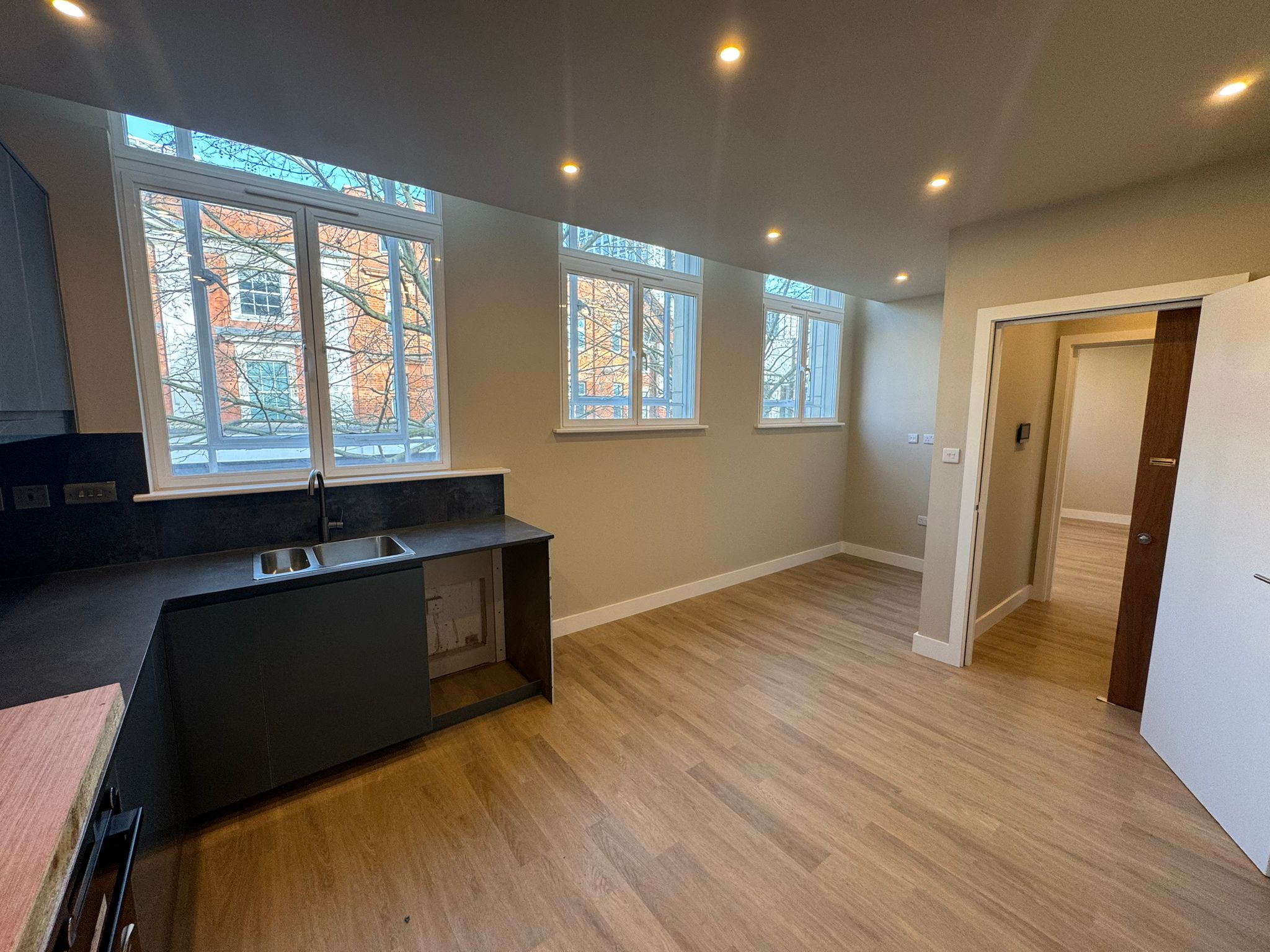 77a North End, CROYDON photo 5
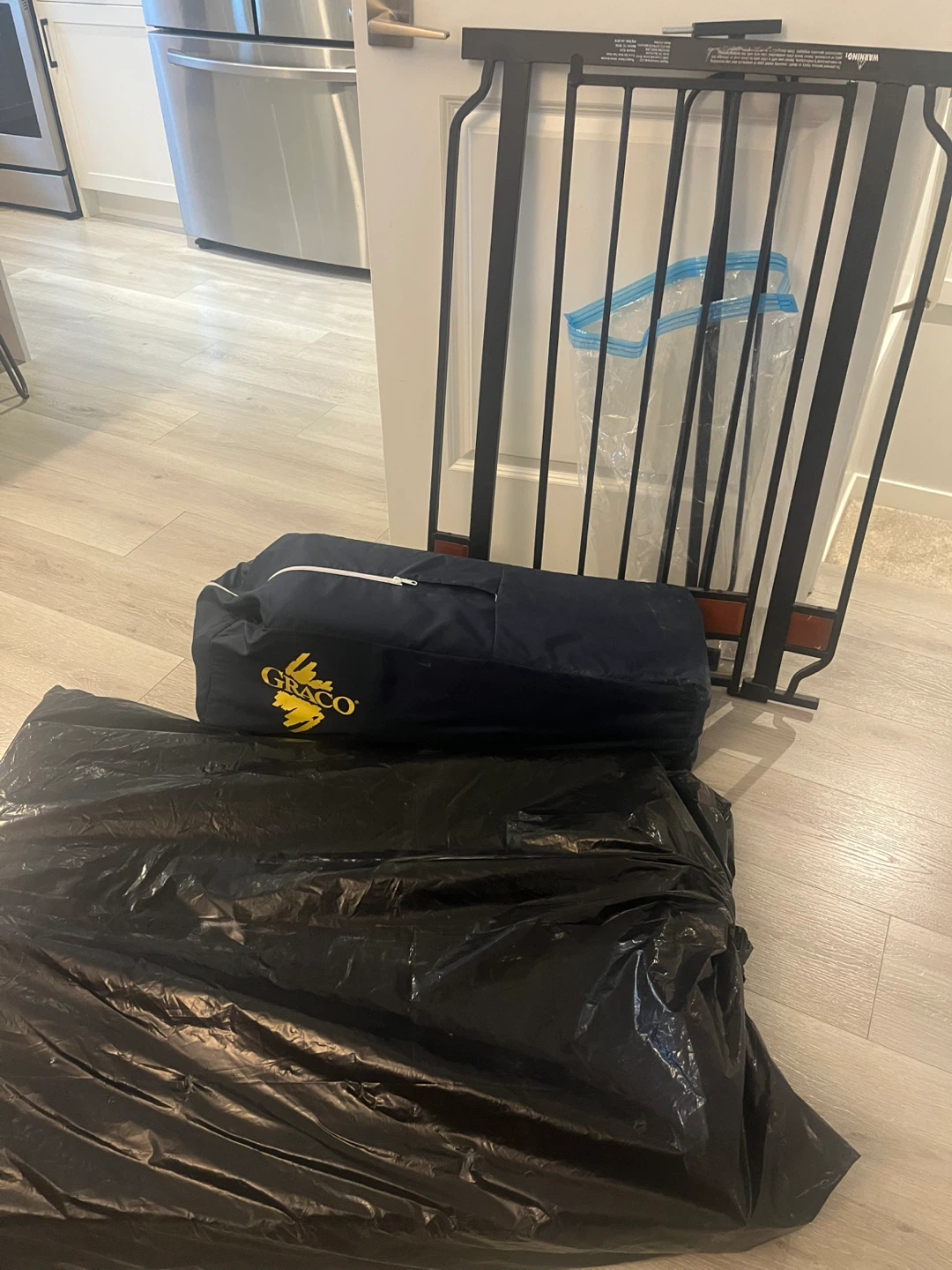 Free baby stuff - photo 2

* * *

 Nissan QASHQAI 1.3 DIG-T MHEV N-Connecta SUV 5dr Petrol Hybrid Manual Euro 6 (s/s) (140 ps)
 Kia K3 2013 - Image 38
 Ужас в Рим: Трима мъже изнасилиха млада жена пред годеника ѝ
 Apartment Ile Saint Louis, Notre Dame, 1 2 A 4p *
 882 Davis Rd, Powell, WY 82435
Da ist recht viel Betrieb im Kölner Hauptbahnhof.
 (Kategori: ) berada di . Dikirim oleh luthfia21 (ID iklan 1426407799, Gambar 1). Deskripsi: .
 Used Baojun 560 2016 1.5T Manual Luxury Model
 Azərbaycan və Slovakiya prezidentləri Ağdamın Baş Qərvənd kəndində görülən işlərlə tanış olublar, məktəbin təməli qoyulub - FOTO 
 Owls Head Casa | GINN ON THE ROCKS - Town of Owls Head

Assigned task: Among the records above, repeat exactly the line with "Nissan QASHQAI 1.3", the line with "Owls Head Casa", and every line in between, and only those.

Solution:
 Nissan QASHQAI 1.3 DIG-T MHEV N-Connecta SUV 5dr Petrol Hybrid Manual Euro 6 (s/s) (140 ps)
 Kia K3 2013 - Image 38
 Ужас в Рим: Трима мъже изнасилиха млада жена пред годеника ѝ
 Apartment Ile Saint Louis, Notre Dame, 1 2 A 4p *
 882 Davis Rd, Powell, WY 82435
Da ist recht viel Betrieb im Kölner Hauptbahnhof.
 (Kategori: ) berada di . Dikirim oleh luthfia21 (ID iklan 1426407799, Gambar 1). Deskripsi: .
 Used Baojun 560 2016 1.5T Manual Luxury Model
 Azərbaycan və Slovakiya prezidentləri Ağdamın Baş Qərvənd kəndində görülən işlərlə tanış olublar, məktəbin təməli qoyulub - FOTO 
 Owls Head Casa | GINN ON THE ROCKS - Town of Owls Head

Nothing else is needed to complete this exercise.